Using N-body simulations to understand the chemo-dynamical evolution of the inner Milky Way

TL;DR

This paper demonstrates how chemo-dynamical N-body simulations can elucidate the structure, formation, and evolution of the inner Milky Way, revealing the relationships between kinematics, morphology, and chemistry.

Contribution

It introduces the use of chemo-dynamical N-body simulations to interpret the complex structure and formation history of the inner Galaxy.

Findings

Thick disc stars formed earlier than thin disc stars.

The thick disc's bar is thicker and has a different vertical morphology.

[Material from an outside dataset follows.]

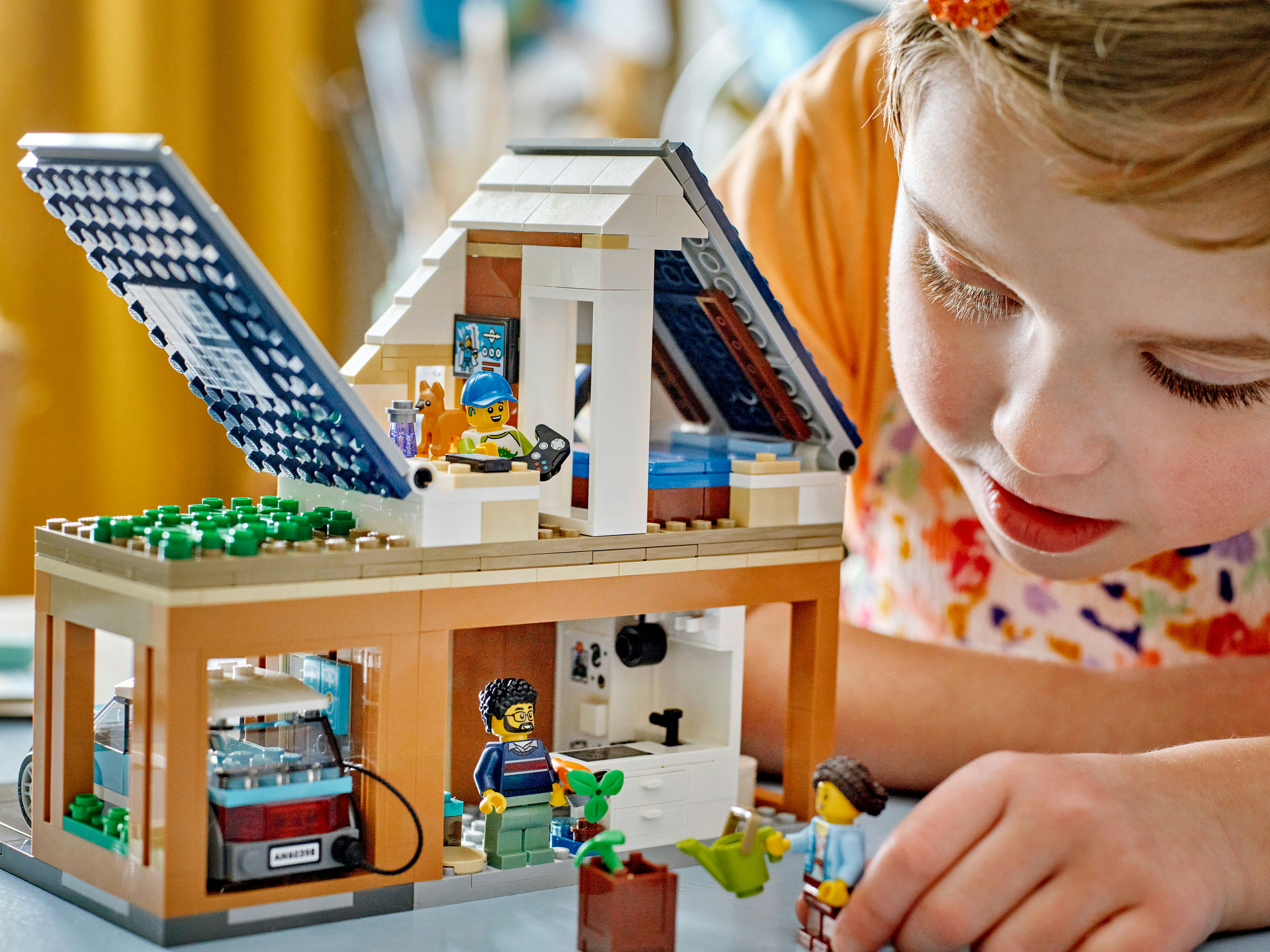 LEGO City Villetta familiare e auto elettrica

The inner disc scalelength is smaller than in similar nearby galaxies.

Abstract

I present examples of how chemo-dynamical N-body simulations can help understanding the structure and evolution of the inner Galaxy. Such simulations reproduce the observed links between kinematics, morphology and chemistry in the bar/bulge region and explain them by the self-consistent cohabitation of a number of components. Galactic archaeology, applied to simulation snapshots, explains the sequence in which the stars of the various components were formed. The thick disc stars form earlier than those of the thin disc and in a much shorter time scale. The bar in the thick disc is horizontally thicker than that of the thin disc and has a different vertical morphology. The Galaxy's inner disc scalelength is much smaller than what is expected from nearby galaxies of similar stellar mass.